There are a lot of blogs and presentations that answer “What is Functional Programming?” and “Why bother with Functional Programming?”. There aren’t a lot of resources answering “How do I start using Functional Programming in REAL life?”. Most intro-to-FP resources leave you feeling like you’re supposed to just drop everything and start coding from scratch in Haskell or an FP-focused language that transpiles into JavaScript (e.g., Elm and ClosureScript).

My team at work has recently been exploring FP in JavaScript by using a library called Ramda. It’s a functional programming JavaScript library. Ramda offers some common FP utilities to help you code in the FP style or just slowly convert parts of your codebase to the FP style.

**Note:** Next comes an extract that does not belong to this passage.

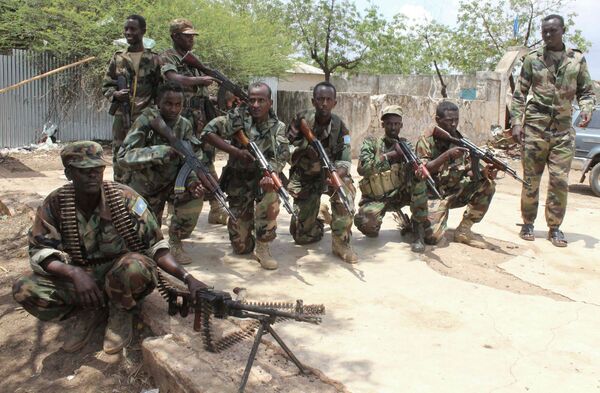 Somali government soldiers pose after they captured Belidogle airport, Somalia, with some help from African Union troops, in 2012. Somali government soldiers pose after they captured Belidogle airport, Somalia, with some help from African Union troops, in 2012. - Sputnik International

Most of the team is unfamiliar with FP, so rather than diving into massive re-writes to convert large chunks of code from Object-Oriented Programming to FP, we’ve been starting small. Along the way, we’ve learned some solid steps for introducing FP into an existing codebase at a comfy pace. The gist of it is: don’t dive into the world of endofunctors, monoids, and catamorphisms. Instead, focus on treating functions differently by cutting down on anonymous functions, subdividing functions into tiny functions, and using the simplest FP concepts such as currying and composition.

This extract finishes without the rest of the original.